Pathology of Mouse Celiac Disease from Gut Microbiome Makeup

December 18, 2015
Rachel Lutz

The gut microbiome influences gluten-induced celiac disease in mice models, according to findings published in The American Journal of Pathology.

The gut microbiome influences gluten-induced celiac disease in mice models, according to findings published in The American Journal of Pathology.

Researchers from McMaster University in Ontario, Canada studied germ free mice models expressing the human DQ8 gene to determine whether specific microbiota compositions could influence immune responses.

The researchers divided the mice into three groups: germ free, clean specific pathogen free (SPF) mice without opportunistic pathogens and Proteobacteria, and SPF mice with a diverse microbiome including pathogens and Proteobacteria.

The researchers found that the germ free mice treated with gluten demonstrated increased activation of intraepithelial lymphocytes (IELs), an early warning sign of celiac disease. There was increased cell death in the lining of the gastrointestinal tract in this mice group; there were also changes in the small intestinal lining cells.

These germ free mice developed gliadin antibodies and displayed pro inflammatory gliadin specific T cell responses, which the researchers said was a response that was specific to the gluten treatment.

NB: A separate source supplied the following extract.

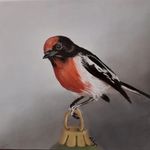 Robyn Barton - @robyn.barton.752 - Instagram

The gluten treatment prevented gluten-induced celiac disease in the second group of mice, which had a more diverse microbiome. When the mice in this group were treated with an entero-adherent E. coli isolated from a human patient with celiac disease, the mice’s protection from gluten-induced celiac disease was reduced.

The third group of mice — those with the most diverse group of gut microbacteria – showed the worst gluten induced pathology of all three groups. They showed increased IELs in small intestinal lining cells and the researchers said they showed the disturbance of early microbial colonization in the mice.

“Our data argue that the recognized increase in celiac disease prevalence in the general population over the last 50 years could be driven, at least in part, by perturbations in intestinal microbial ecology,” lead investigator Elena F. Verdu, MD, PhD explained in a press release. “Specific microbiota based therapies may aid in the prevention or treatment of celiac disease in subjects with moderate genetic risk.”

In an accompanying editorial, researchers from the University of Alabama at Birmingham wrote that the role of Proteobacteria should not be overstated or over interpreted. The findings “implicate opportunistic pathogens belonging to the Proteobacteria phylum in celiac disease; however, this does not indicate that Proteobacteria cause celiac disease,” Robin G. Lorenz, MD, PhD, wrote. Instead, the authors suggest Proteobacteria may have multiple uses and functions in the immune response to gluten or gliadin.